BEGIN
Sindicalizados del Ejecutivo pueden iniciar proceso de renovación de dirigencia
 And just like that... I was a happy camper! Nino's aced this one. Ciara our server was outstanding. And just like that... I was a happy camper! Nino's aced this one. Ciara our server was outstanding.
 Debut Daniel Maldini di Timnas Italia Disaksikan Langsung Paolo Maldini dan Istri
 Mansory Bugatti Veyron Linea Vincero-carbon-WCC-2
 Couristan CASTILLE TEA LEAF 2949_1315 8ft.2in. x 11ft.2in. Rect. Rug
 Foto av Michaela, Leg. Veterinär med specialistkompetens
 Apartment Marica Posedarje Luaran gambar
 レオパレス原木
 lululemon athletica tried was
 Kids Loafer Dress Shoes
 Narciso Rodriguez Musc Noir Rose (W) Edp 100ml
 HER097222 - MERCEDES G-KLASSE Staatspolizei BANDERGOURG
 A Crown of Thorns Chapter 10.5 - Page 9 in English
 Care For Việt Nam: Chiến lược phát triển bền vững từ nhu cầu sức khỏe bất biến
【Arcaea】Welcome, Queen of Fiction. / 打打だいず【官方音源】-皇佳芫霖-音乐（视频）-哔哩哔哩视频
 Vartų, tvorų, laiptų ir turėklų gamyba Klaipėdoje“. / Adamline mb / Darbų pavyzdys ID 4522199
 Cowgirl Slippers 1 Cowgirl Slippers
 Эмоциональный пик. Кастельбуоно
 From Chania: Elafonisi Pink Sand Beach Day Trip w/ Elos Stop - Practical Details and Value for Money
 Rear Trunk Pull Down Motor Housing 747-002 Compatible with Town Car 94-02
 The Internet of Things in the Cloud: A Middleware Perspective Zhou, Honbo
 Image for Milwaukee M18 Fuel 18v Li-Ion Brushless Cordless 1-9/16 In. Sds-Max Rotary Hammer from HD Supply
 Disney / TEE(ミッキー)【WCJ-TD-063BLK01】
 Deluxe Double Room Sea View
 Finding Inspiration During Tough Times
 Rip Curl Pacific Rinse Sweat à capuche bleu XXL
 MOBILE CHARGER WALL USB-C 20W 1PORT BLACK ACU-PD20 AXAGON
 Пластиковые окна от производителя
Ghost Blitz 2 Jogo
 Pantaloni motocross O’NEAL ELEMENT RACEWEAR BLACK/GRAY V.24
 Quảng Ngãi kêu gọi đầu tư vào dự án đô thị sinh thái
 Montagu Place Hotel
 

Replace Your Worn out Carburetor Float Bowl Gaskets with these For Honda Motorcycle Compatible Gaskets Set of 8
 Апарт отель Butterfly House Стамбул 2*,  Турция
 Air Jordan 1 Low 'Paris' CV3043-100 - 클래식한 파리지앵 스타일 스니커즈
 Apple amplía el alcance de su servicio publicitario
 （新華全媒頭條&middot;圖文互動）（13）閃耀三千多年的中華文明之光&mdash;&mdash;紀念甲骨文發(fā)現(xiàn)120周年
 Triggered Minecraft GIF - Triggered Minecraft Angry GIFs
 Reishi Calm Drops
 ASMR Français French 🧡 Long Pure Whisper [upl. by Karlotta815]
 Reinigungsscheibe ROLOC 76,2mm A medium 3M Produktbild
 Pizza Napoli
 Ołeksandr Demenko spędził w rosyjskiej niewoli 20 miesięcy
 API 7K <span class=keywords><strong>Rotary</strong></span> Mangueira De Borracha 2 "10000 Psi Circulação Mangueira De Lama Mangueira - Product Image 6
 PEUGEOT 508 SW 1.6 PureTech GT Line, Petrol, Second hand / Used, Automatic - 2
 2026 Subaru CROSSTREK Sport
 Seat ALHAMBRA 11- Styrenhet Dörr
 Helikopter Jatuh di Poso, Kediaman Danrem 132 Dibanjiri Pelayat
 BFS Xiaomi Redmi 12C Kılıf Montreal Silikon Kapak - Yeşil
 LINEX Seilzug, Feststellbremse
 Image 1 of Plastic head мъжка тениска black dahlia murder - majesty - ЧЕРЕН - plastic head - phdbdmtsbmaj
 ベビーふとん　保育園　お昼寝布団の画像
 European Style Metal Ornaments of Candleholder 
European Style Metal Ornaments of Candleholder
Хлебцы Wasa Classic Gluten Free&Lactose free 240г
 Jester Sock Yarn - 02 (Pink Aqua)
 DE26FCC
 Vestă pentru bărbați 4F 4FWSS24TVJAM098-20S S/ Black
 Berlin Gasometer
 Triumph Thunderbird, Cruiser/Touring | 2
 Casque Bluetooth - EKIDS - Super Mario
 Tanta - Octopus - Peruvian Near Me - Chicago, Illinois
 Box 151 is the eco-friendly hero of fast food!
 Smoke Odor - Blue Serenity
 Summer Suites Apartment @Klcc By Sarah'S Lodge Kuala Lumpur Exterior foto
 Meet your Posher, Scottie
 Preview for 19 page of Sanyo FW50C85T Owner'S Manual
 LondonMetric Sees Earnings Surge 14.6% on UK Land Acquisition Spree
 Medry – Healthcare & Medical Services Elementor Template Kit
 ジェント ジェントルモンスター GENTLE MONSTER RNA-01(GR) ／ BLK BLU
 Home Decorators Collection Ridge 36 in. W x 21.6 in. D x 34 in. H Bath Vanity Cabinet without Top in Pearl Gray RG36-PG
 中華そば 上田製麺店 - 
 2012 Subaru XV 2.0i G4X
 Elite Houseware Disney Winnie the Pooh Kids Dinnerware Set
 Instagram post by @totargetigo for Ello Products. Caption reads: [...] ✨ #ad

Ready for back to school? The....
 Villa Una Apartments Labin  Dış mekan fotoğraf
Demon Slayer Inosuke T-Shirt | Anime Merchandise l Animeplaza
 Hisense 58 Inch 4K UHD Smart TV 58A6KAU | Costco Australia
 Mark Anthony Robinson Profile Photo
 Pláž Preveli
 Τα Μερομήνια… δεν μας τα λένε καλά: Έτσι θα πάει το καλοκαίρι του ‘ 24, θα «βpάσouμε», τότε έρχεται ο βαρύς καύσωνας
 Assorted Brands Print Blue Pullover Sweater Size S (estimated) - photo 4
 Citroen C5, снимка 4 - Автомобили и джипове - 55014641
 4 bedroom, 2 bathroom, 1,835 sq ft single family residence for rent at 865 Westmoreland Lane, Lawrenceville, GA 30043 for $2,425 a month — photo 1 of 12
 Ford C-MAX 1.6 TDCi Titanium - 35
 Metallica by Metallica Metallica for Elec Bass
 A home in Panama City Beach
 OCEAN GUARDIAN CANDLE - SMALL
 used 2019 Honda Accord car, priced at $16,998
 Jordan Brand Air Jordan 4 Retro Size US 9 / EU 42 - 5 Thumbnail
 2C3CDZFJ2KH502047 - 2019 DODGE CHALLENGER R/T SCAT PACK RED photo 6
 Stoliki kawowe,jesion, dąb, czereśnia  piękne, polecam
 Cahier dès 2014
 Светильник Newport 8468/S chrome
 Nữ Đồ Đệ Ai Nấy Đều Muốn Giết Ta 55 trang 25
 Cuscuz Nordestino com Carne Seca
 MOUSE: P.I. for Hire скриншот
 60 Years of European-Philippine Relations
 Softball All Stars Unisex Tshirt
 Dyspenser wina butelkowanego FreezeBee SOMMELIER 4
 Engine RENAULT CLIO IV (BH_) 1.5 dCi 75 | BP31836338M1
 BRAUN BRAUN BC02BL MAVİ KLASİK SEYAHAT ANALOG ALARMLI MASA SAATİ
END
[WORK TASK]
Copy whichever lines above contain the string "Honda".

[OUTPUT FOR THIS EXERCISE]
Replace Your Worn out Carburetor Float Bowl Gaskets with these For Honda Motorcycle Compatible Gaskets Set of 8
 used 2019 Honda Accord car, priced at $16,998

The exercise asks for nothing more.